Mining big data for salient information points presents a plethora of challenges, but in Europe a different issue with the action has emerged as a concern. Regulations prohibiting researchers and others from searching through the data in certain documents are putting countries on the continent at a competitive disadvantage in a number of fields, studies are revealing. With several economies there already in dire straits, the legal encumbrances could add to difficulties in improving financial situations.
The report, “Standardisation in the Area of Innovation and Technological Development, Notably in the Field of Text and Data Mining” lays out the problems of restricting mining in texts. It explains that because text- and data-mining technology is relatively affordable, it is available even to individual and small-organization researchers. The document was produced by an expert group appointed by the European Commission. That government body or its departments establish these groups to provide advice and expertise. They include at least six public- and/or private-sector members who meet more than once.
The personnel chosen for this particular task write in their report that “There is growing recognition that we are at the threshold of the mass automation of service industries (automation of thinking) comparable with the robotic automation of manufacturing production lines (automation of muscle) in an earlier era. [Text and data mining] will be widely used to provide insights in the redesign of this digital services economy. When it comes to the deployment of [text and data mining], there are worrying signs that European researchers may be falling behind, especially with regard to researchers in the United States.”
Because the technologies apply to multiple fields in the public and private sectors, performing on equal footing has wide-reaching ramifications. The report explains that European researchers believe the laws they must follow regarding copyright, database protection and data privacy put them at a disadvantage when compared with the fair-use laws in the United States. Scientific publishers in Europe have proposed licensing terms to make mining their archives easier; but, the report states, many researchers “dismiss these efforts as insufficient … effective research demands freedom to mine all public domain databases without restriction.” Scientific publishers and researchers especially are driving the call for changes.
The report makes three recommendations to increase the international competitiveness of the European Union’s research base. First, licensing of works for text and data mining should be made easier. This should both add value to the economy and add to the human factors necessary for big-data research in the digital economy. It is considered a prologue to true reform. Second, leaders should consider a “specific and mandatory exception to remove text and data mining for scientific purposes from the reach of European copyright and database law.” This second suggestion is a midterm effort that lays the groundwork for the third effort.
The third recommendation states that the best approach to reform will be the establishment within European law of a durable distinction between protecting authors’ rights and copyright in the digital age presenting a barrier to modern research. Within the final suggestion, the writers assert that proposed reform to European data protection laws should avoid creating further impediments for scientific researchers.

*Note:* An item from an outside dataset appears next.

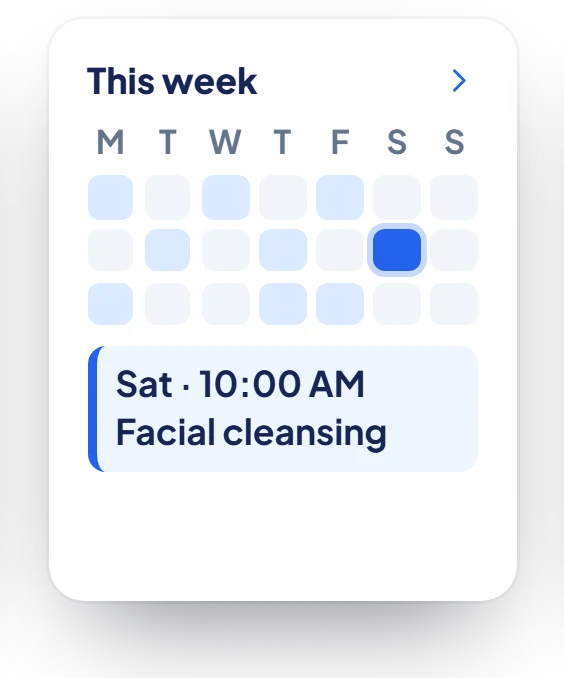 Weekly calendar with the new appointment on Saturday at 10:00 AM.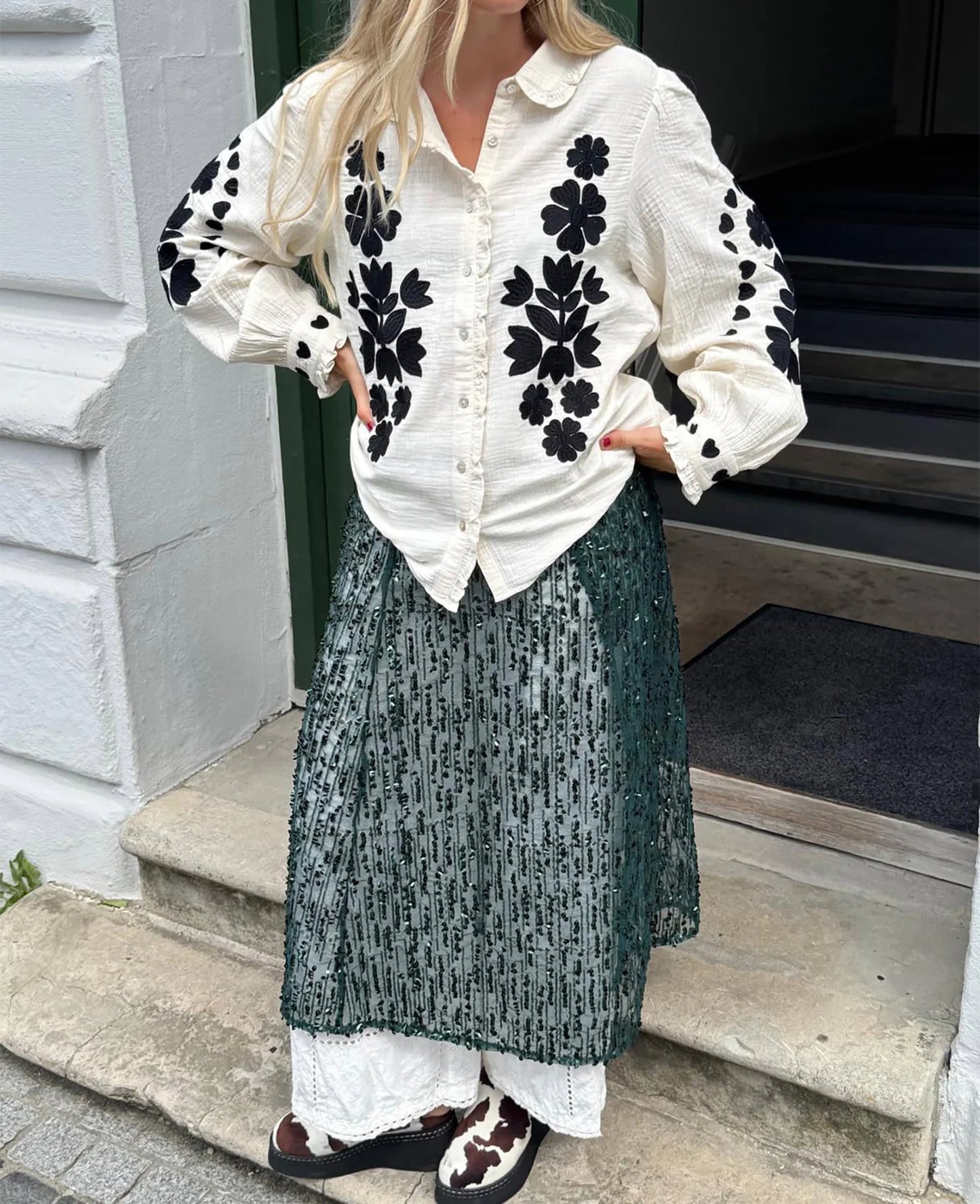 BETSY WRAP SKIRT - DARK GREEN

The short time frame allowed for generation of the report means that serious primary research into the issue remains to be conducted. Researchers had less than six months to complete their work, which allowed them time to review the state of existing knowledge. “It was an assessment of available evidence,” explains Ian Hargreaves, a professor at Cardiff University in the United Kingdom who chaired the expert group. Team members carried out interviews and conversations with what they characterize as insightful sources, but from the beginning they knew the time frame did not allow for comprehensive research. Hargreaves says it would be easy to spend two or three years looking into this topic.
In conducting their research, the expert group members talked to people in multiple countries within and outside of Europe. They also drew on unpublished work about patents on data- and text-mining apps. Wherever they looked, the researchers found that Europe was less knowledgeable, less active and less ambitious than the United States.
Hargreaves explains that the report is important because of how critical data analytics is in the current phase of the digital revolution and to its next phase, which will be the digital experience economy. “We also know that research as an input is crucial to the kind of economies that exist in Europe and North America,” he says. “It’s very important that Europe does not put itself at a disadvantage either with the conduct of data analytics or the scale or ambition or efficiency of research agenda by having a suboptimal legal regime in regard to text and data mining. Europe does precisely that.” He has no doubt that conditions in the United States are more favorable than in Europe. “That is not something Europe can afford to persist with,” Hargreaves states.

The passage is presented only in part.